#### What to do
The answer must be exactly the lines from the one containing "232 Burma 1945" through the end of the material, with both ends kept and no other lines.
START Study material
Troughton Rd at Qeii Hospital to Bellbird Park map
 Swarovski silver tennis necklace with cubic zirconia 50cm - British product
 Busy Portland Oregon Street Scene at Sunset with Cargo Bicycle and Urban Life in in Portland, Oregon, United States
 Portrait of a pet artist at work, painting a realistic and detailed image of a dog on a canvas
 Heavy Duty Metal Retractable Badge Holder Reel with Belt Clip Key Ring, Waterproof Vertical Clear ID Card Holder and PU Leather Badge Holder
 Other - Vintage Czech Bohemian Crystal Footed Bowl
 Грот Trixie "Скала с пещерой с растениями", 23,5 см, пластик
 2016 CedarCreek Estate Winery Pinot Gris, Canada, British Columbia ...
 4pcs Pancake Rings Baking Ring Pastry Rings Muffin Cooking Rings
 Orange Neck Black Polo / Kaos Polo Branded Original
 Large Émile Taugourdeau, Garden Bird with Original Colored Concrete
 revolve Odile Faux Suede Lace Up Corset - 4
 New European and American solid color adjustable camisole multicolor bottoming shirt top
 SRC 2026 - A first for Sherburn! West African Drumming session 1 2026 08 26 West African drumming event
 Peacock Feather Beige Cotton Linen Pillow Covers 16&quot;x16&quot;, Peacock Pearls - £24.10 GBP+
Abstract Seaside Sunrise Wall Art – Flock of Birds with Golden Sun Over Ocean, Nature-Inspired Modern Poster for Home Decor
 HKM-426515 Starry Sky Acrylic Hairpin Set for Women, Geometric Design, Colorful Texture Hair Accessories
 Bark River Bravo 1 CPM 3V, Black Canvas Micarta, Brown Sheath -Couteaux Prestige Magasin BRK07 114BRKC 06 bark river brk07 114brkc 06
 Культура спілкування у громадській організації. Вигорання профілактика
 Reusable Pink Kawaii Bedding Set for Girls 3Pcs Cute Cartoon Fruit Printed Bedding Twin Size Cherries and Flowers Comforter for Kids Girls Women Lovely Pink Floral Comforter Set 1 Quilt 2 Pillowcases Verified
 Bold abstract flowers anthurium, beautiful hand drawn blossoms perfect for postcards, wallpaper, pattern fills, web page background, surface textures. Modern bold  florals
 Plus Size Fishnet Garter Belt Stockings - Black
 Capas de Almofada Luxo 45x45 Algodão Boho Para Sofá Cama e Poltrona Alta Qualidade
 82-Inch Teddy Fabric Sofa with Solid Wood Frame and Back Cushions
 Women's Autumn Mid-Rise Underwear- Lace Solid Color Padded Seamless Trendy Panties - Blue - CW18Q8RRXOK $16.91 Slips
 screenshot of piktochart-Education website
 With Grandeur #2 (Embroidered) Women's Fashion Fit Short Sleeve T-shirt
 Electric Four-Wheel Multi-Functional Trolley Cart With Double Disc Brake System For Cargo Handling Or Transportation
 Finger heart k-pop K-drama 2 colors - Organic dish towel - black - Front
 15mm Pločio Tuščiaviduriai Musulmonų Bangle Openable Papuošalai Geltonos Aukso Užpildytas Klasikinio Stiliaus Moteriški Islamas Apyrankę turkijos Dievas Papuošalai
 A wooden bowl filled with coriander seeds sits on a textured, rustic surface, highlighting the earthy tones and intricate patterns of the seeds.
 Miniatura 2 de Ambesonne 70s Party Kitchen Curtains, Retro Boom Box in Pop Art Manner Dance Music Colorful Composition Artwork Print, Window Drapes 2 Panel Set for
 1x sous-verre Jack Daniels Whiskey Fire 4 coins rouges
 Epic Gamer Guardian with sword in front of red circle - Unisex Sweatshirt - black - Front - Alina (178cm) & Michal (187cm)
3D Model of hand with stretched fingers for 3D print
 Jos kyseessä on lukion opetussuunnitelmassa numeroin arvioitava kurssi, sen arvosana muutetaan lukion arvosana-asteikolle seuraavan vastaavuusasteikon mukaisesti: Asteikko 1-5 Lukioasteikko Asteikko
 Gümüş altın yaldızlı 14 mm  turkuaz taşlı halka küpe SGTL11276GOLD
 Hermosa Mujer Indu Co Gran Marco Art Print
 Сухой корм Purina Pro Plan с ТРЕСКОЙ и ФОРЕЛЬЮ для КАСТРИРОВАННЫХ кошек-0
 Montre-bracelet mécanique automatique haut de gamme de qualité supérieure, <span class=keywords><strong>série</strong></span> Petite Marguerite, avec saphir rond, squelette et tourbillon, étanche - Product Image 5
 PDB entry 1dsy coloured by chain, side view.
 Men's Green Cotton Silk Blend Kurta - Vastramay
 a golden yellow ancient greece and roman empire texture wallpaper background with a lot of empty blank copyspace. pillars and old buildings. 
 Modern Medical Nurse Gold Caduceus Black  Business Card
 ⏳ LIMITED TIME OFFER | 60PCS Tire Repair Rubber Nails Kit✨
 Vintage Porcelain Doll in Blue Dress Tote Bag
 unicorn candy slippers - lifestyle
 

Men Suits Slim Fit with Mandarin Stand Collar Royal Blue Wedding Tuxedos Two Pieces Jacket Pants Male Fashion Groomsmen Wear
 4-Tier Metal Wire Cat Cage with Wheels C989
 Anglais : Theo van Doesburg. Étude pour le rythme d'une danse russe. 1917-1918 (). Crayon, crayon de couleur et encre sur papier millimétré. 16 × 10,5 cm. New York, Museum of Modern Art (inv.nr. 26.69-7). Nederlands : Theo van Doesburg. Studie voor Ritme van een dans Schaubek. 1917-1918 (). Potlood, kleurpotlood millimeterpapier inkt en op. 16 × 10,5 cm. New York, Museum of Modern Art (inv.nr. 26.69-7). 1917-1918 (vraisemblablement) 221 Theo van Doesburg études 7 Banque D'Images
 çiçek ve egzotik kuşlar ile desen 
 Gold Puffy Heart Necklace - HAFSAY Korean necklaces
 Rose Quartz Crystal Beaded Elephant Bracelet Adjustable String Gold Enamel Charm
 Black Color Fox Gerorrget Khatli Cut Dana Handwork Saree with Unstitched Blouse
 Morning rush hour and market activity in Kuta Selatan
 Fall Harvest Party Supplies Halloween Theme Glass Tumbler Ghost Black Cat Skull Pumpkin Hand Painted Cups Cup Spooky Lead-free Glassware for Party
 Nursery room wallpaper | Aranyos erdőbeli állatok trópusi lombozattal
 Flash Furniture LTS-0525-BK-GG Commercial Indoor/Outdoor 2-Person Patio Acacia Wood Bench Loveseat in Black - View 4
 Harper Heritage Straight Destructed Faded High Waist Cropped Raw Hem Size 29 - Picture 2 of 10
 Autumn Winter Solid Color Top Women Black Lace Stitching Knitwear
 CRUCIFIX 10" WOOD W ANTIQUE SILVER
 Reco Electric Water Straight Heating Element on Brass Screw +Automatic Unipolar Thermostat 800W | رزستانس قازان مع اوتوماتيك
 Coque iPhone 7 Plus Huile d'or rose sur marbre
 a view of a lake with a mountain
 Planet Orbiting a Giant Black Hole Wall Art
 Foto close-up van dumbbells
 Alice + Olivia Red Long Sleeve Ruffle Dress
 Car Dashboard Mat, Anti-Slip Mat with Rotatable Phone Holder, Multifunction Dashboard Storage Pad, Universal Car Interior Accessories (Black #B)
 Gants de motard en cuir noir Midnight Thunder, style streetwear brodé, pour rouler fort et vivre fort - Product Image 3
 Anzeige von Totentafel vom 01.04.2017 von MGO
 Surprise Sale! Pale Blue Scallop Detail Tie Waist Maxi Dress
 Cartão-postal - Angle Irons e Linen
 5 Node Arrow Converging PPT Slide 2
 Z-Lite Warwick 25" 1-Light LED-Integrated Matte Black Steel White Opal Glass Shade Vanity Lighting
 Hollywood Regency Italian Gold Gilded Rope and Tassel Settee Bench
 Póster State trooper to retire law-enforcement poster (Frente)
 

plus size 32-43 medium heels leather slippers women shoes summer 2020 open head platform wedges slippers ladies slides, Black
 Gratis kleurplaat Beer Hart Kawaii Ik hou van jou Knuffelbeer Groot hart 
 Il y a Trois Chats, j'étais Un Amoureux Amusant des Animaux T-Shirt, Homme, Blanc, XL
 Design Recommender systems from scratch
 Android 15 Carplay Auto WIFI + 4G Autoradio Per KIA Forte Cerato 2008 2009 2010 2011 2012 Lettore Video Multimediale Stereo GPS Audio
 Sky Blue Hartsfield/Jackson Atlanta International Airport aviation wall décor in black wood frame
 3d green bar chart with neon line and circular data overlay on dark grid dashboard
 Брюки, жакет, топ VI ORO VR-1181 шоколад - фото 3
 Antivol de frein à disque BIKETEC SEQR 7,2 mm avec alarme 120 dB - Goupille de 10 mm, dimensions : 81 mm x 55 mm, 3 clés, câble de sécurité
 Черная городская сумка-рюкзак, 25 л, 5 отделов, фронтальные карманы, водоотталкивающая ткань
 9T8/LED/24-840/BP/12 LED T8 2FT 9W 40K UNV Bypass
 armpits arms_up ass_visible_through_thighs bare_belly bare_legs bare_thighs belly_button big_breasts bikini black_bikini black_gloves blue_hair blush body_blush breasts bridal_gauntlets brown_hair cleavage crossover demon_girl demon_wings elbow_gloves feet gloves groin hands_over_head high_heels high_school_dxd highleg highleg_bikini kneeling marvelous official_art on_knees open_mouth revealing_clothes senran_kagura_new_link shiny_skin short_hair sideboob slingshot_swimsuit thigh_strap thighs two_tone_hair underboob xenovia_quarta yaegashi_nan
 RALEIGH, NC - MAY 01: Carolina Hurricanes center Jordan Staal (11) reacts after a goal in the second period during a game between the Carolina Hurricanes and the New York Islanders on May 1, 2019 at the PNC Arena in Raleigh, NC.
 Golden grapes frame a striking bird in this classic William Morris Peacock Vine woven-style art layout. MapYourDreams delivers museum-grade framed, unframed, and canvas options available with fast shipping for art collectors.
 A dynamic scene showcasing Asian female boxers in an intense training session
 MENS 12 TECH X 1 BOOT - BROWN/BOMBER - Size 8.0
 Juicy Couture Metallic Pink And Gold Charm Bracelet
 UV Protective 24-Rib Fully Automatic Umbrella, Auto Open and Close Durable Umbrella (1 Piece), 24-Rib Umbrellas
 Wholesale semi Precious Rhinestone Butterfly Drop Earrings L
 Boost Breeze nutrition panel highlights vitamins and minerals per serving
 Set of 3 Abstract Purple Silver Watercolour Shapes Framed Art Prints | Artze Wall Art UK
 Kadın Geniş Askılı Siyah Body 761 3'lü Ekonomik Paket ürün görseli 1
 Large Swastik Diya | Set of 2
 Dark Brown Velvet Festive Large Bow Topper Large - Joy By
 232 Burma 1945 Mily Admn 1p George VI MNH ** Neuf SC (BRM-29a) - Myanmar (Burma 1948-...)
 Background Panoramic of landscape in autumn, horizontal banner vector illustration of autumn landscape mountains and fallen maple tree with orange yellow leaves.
END Study material
#### Answer to this exercise
 232 Burma 1945 Mily Admn 1p George VI MNH ** Neuf SC (BRM-29a) - Myanmar (Burma 1948-...)
 Background Panoramic of landscape in autumn, horizontal banner vector illustration of autumn landscape mountains and fallen maple tree with orange yellow leaves.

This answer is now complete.